Betty Cantor-Jackson (born September 18, 1948) is an American audio engineer and producer. She is best known for her work recording live concerts for the Grateful Dead from the late 1960s to the early 1980s, including the band's highly-lauded May 8, 1977 concert at Cornell University. She is noted for her ear for recording and her long tenure with the band.

== Early life ==
Growing up in Martinez, California, Cantor-Jackson developed an interest in electronics, saying "I used to take things like radios, other little electronic devices if they didn't work, open them up, mess with them, put them back together and they worked." She started booking shows for her high school, which led her to promote and help with shows across the bay in San Francisco. Through this, she met people in the underground music scene who taught her how to do sound engineering. Her involvement in the music scene and interest in LSD led her to meet and subsequently start working with the Grateful Dead.

== Grateful Dead era ==
In 1968, she landed an apprenticeship recording live sound with Bob Matthews at San Francisco venue the Carousel, which would later become the Fillmore West. The same year, they worked together on the Grateful Dead's second studio album, Anthem of the Sun.
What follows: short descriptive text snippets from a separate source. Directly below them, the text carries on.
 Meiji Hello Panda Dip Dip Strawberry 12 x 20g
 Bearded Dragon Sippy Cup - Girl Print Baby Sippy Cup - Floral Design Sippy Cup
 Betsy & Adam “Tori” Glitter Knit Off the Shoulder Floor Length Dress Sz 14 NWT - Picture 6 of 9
After this, the two regularly mixed and taped the band's live recordings and became known as "Bob and Betty." The duo also co-produced the band's fourth studio album, Workingman's Dead (1970). A few years later, Cantor married tour manager Rex Jackson, and they continued to record the Dead's live shows with their own tapes and equipment. After Jackson's death in a car crash in 1976, she was put on the band's payroll in 1977 and 1978 to record and help stage setup.
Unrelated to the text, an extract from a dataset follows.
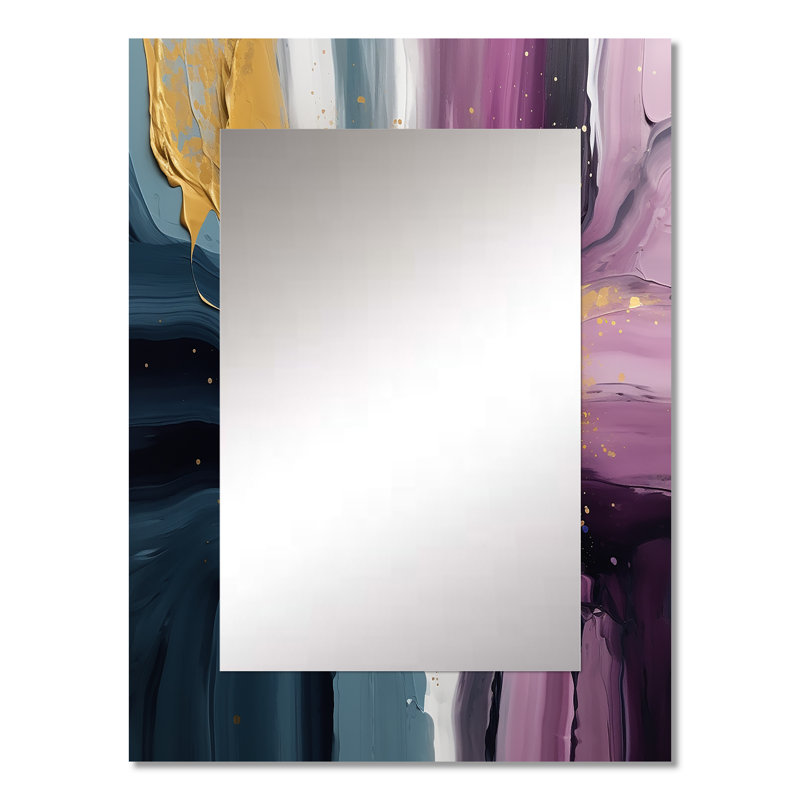 Purple And Blue Movements In Paint II - Abstract Painting Mirror, Modern Unique Wall Mirror, Printed Metal Art, 32" x 24"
Later, she began dating the Grateful Dead's new keyboardist, Brent Mydland. She did not feel welcome working with the band after the two broke up, saying, "Brent and I split up after a few years, with the last year spent in the studio working on his solo project. This put me in the category of the dreaded 'ex.' I didn't think that could apply to me, but he was a band member. Everyone was paranoid of me being around, so I no longer had access to my studio or the vault." Her last work for the Grateful Dead during this period was the 1981 live album Dead Set.

== The "Betty Boards" ==
Since Cantor-Jackson often used her own tapes and equipment when recording shows, they were in her possession unless bought by the Grateful Dead for their own releases. In the mid-80s, she was forced to foreclose on her home and moved to Oregon with her in-laws to be a nursing assistant. After struggling to pay storage fees for her belongings in California, her storage spaces were auctioned in 1986. These included more than 1000 tapes from her career as a live audio engineer, which became known as the "Betty Boards." They were mostly recordings of the Grateful Dead, but included bands such as Legion of Mary, Kingfish, the Jerry Garcia Band, Old & In the Way, and the New Riders of the Purple Sage.

The Grateful Dead declined to bid, leading to the storage lots being auctioned to the public. Three separate parties ended up in possession of the tapes; none of them were Grateful Dead fans. One party kept them in a storage locker. The second party, an unnamed couple, got a friend to record the tapes to cassette from reel-to-reel in order to distribute them. The last, a high school teacher, kept them in a barn for years, where they decayed, before agreeing to a request by Rob Eaton, guitarist for the Grateful Dead tribute band Dark Star Orchestra, to allow them to be restored. More than 200 tapes were restored and digitally archived, amounting to nearly 100 hours of music. The Grateful Dead offered the owner $100,000 for the tapes, but he refused to sell them for anything less than $1 million. Eaton went on to contact other owners to restore their tapes as well, reaching agreements with one of the other primary owners in 2014.

Several of these tapes have since been commercially released. The most notable of these is Cornell 5/8/77, a concert at Cornell University's Barton Hall. It is widely regarded as one of the Grateful Dead's best shows and one of the best live recordings of the band. In 2012 it was added to the National Recording Registry of the Library of Congress for being "culturally, historically, or aesthetically important, and/or inform or reflect life in the United States."

== Post-Grateful Dead career ==
Cantor-Jackson quit taping shows until 2011, when she was asked to stage manage for Wavy Gravy's 70th birthday party and benefit concert. Playing the show was former Black Crowes' frontman Chris Robinson's new band, Chris Robinson Brotherhood. Cantor-Jackson loved the group and insisted on taping their future shows. These recordings turned into a series of live albums called Betty's Blends. She also mixed and mastered for the Americana band Midnight North in 2015.

As of August 2019, she is the engineer and production and road manager for the band and for the choir of Glide Memorial Church. She still talks to some of the Grateful Dead's band members and crew and went to a show in Santa Clara during their highly publicized 50th anniversary tour.